The past two days I’ve been here in the city of Prague, which is located in the Czech Republic.  While I’ve been largely inside in a windowless conference room, I did briefly get to go outside during daylight hours and go for a short run around the city as part of a relatively quick workout that was on my schedule.  Quick in terms of both pace, as well as duration.  It’s been a number of years since I was in Prague last, about a decade actually.  The last time was when my Dad and I took a trip on the Concorde shortly before it retired.

As is usual, I quickly sketched out the running route the night before, just to get a rough idea of the distances involved.  In the end I’d run more than this of course, but this made it easy to zoom in and pick out the areas I wanted to check out.


While I was running with both a Garmin Forerunner and a Suunto Ambit2, I didn’t use the course functionality in either.  Looking at the map it was really pretty straight forward: Stay along the river.  Failing that, I had stuck my phone in my armband in case I got really lost.

Finally, the goal of this run was a bit of a tempo run, albeit relatively short.  So I kept that in mind from a route standpoint, trying to keep things as straight as possible – and generally as flat as possible.  I placed my final splits at the end.

So with that, I set out for my journey from Wenceslas Square, which sits right next to my hotel.  At the end of which sits the National Museum (or start, I suppose, depending on your point of view).


After a few hundred meters I ran past a shark. It’s unclear why there was someone dressed up as a shark in front of a Thai Massage place, but nonetheless, there was.

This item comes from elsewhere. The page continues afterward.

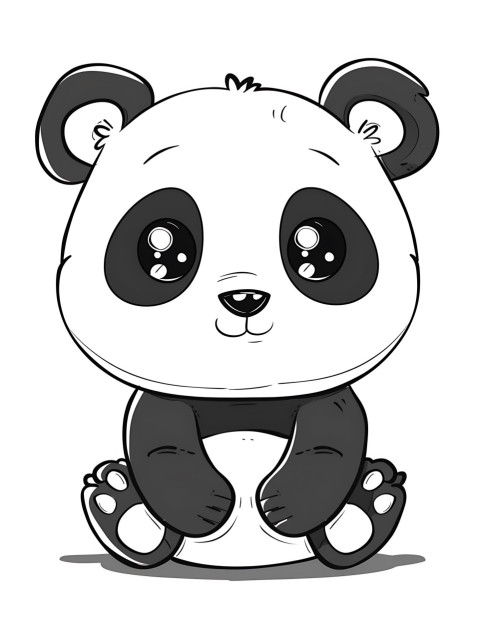 Cute Panda Coloring Book Pages Simple Hand Drawn Animal illustration Line Art Outline Black and White (76)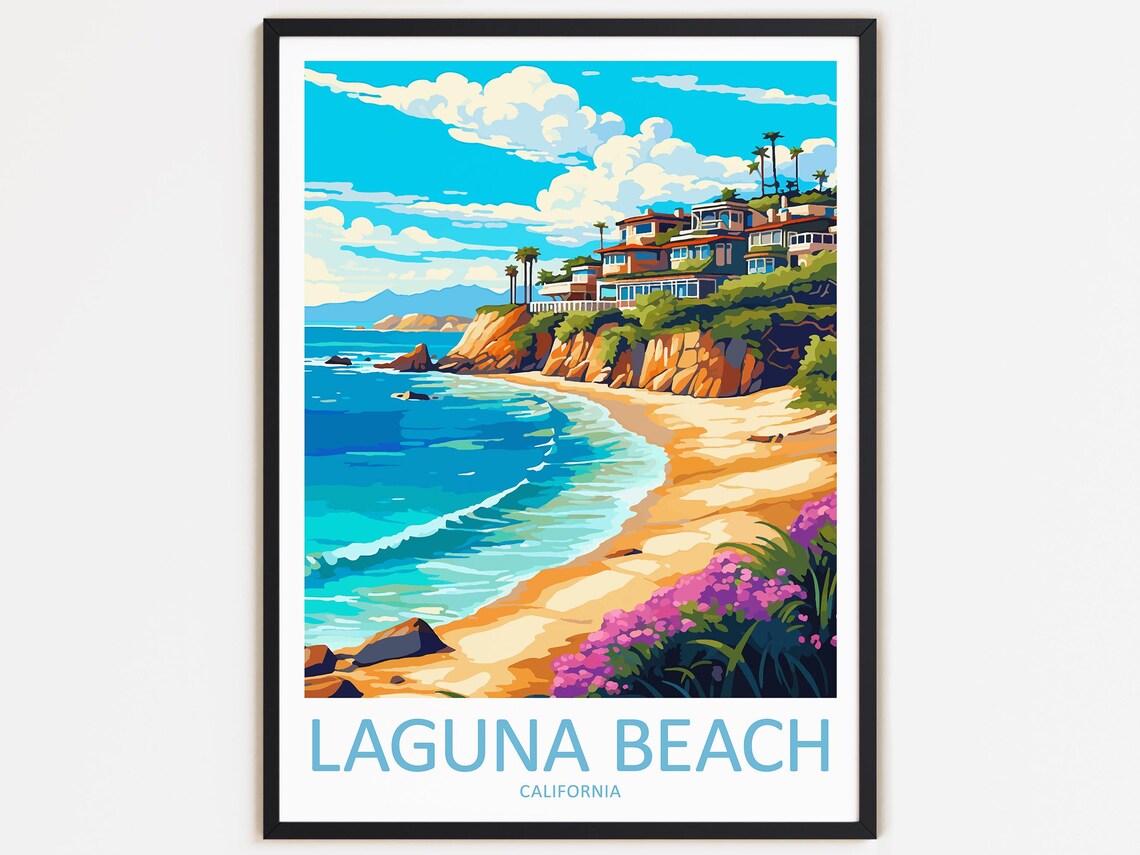 Laguna Beach Travel Poster, California Home Decor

I’ll give him credit though, I kinda almost prefer his shark costume over mine – though, mine does have a person sticking up out of its jaws.

From there I worked my way down the end of the long boulevard through a bit of an outdoor market of sorts (mostly food and trinkets), before heading a few blocks away to the river where I’d meet it at the National Theatre.


Upon hitting the river I was aligned with a small island that separated me from the main waterway.  Here you could rent all assortment of different paddle-boats, including some that were more paddle-car than paddle-boat.


I stayed along this side of the river until I got in front of Frank Gehry’s “The Dancing House” building.


At this point I crossed a bridge that took me over the Vitava River.  There were locks here, which enabled the boats to get around this short section of man-made rapids.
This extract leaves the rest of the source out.